Description
The weights for acoustic target features (viz. duration, log F0, and log F0 delta), are set to 0 by default, disabling these features for newly built unit-selection voices. These default values were initially hard-coded and never updated, which means that the weights can only be tuned (or just simply modified) by manually editing the mary/halfphoneUnitFeatureDefinition_ac.txt
file after it is generated by the AcousticFeatureFileWriter voicebuilding component.

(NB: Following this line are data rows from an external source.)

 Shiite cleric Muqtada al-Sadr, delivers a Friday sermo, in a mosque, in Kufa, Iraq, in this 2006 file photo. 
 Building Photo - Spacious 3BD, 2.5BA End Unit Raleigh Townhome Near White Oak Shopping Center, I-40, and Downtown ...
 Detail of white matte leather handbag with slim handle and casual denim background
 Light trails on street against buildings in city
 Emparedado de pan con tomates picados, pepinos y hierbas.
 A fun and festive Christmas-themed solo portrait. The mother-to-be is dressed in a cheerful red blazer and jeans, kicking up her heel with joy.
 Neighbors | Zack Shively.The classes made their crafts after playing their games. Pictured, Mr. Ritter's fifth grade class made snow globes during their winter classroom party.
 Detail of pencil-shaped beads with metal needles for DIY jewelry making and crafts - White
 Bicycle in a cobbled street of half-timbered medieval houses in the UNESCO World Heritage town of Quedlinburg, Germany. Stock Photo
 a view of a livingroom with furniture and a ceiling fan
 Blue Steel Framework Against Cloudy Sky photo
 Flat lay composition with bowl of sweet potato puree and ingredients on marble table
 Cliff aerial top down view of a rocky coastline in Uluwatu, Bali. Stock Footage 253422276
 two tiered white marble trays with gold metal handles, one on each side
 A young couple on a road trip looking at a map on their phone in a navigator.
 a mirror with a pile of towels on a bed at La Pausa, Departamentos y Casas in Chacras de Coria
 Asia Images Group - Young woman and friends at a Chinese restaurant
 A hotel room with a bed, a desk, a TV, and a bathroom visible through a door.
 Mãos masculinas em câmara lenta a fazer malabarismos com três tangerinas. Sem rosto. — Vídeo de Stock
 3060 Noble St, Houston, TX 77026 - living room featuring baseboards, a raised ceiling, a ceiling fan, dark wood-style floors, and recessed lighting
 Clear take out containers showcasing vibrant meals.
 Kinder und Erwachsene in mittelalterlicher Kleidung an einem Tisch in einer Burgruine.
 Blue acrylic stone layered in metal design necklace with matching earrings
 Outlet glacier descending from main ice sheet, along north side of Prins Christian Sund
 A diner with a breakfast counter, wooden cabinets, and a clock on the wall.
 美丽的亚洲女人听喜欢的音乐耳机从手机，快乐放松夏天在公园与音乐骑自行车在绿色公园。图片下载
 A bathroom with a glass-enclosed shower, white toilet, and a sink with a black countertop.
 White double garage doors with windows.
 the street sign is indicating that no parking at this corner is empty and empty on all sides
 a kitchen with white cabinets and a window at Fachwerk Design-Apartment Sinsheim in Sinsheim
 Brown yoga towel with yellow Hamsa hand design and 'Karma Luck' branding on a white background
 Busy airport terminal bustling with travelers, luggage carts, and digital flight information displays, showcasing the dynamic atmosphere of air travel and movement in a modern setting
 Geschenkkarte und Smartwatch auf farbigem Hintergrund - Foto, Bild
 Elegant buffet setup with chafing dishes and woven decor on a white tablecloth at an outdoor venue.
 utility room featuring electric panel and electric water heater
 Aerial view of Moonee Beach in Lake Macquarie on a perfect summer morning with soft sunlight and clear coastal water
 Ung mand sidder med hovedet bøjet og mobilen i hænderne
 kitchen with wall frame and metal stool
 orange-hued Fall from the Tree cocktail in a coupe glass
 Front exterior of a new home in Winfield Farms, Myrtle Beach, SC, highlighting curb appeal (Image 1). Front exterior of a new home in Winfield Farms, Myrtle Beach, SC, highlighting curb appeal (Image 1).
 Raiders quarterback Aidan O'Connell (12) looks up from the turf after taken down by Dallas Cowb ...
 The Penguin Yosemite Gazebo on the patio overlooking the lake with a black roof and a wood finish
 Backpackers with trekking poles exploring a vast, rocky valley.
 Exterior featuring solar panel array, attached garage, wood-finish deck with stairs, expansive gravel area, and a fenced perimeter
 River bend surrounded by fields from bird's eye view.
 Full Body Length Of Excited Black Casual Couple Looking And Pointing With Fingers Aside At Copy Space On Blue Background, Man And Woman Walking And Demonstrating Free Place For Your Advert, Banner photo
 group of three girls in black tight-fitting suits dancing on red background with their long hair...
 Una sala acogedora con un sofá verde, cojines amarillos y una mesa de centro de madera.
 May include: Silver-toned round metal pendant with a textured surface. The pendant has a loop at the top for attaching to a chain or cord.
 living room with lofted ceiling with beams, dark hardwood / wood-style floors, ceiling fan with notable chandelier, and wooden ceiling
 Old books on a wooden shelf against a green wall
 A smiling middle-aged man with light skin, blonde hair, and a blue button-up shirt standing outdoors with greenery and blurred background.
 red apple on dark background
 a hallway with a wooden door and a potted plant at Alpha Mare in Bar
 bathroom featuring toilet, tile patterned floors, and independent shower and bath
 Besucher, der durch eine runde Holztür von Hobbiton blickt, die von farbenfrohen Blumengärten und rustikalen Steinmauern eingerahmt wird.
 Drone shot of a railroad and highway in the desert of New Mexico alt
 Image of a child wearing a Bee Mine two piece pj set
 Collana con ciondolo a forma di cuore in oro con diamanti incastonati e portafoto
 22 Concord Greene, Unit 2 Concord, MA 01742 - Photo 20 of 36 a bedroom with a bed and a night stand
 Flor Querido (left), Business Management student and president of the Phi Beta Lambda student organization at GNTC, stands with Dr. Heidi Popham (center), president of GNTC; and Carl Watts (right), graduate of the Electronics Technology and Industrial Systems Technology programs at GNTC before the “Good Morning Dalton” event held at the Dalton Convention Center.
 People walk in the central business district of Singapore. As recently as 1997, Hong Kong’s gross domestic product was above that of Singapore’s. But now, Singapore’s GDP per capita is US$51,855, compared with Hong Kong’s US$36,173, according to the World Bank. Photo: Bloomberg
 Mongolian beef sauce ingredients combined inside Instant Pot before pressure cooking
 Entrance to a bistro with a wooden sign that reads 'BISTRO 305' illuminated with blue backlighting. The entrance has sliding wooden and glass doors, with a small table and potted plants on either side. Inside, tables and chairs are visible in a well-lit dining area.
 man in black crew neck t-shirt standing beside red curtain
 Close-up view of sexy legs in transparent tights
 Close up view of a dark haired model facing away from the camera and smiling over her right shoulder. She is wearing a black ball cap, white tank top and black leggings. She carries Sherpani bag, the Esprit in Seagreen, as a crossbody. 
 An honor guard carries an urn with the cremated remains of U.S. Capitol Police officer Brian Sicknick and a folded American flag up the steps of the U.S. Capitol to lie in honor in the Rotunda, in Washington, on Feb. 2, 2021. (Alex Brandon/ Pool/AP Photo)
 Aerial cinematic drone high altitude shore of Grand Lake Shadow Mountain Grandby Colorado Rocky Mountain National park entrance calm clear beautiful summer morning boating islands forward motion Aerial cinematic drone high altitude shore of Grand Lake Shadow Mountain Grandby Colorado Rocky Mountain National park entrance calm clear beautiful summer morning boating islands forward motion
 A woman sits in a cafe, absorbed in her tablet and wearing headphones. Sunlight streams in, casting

However, virtually all of our published voices do contain manually tweaked acoustic feature weights, enabling prosody for unit selection, and significantly reducing pitch discontinuities in the resulting synthesis output.
To wit,
$ for j in lib/*.jar; do echo $j; unzip -c $j *_ac.txt | tail -n5; done
lib/voice-bits3-5.0-SNAPSHOT.jar
ContinuousFeatureProcessors
500 linear | unit_duration
50 linear | unit_logf0
50 linear | unit_logf0delta
lib/voice-dfki-obadiah-5.0-SNAPSHOT.jar
ContinuousFeatureProcessors
1500 linear | unit_duration
100 linear | unit_logf0
0 linear | unit_logf0delta
lib/voice-dfki-pavoque-neutral-5.0-SNAPSHOT.jar
ContinuousFeatureProcessors
1000 linear | unit_duration
100 linear | unit_logf0
0 linear | unit_logf0delta
lib/voice-dfki-pavoque-styles-5.0-SNAPSHOT.jar
ContinuousFeatureProcessors
1000 linear | unit_duration
100 linear | unit_logf0
0 linear | unit_logf0delta
lib/voice-dfki-poppy-5.0-SNAPSHOT.jar
ContinuousFeatureProcessors
1000 linear | unit_duration
100 linear | unit_logf0
0 linear | unit_logf0delta
lib/voice-dfki-prudence-5.0-SNAPSHOT.jar
ContinuousFeatureProcessors
1000 linear | unit_duration
100 linear | unit_logf0
0 linear | unit_logf0delta
lib/voice-dfki-spike-5.0-SNAPSHOT.jar
ContinuousFeatureProcessors
2000 linear | unit_duration
50 linear | unit_logf0
0 linear | unit_logf0delta
lib/voice-voxforge-ru-nsh-5.0-SNAPSHOT.jar
ContinuousFeatureProcessors
0 linear | unit_duration
0 linear | unit_logf0
0 linear | unit_logf0delta
Accordingly, I believe that enabling the acoustic features, by at least setting reasonable default weights for duration and log F0, would be an improvement. This is especially true when no weights tuning is applied, e.g., in unsupervised voicebuilding workflows.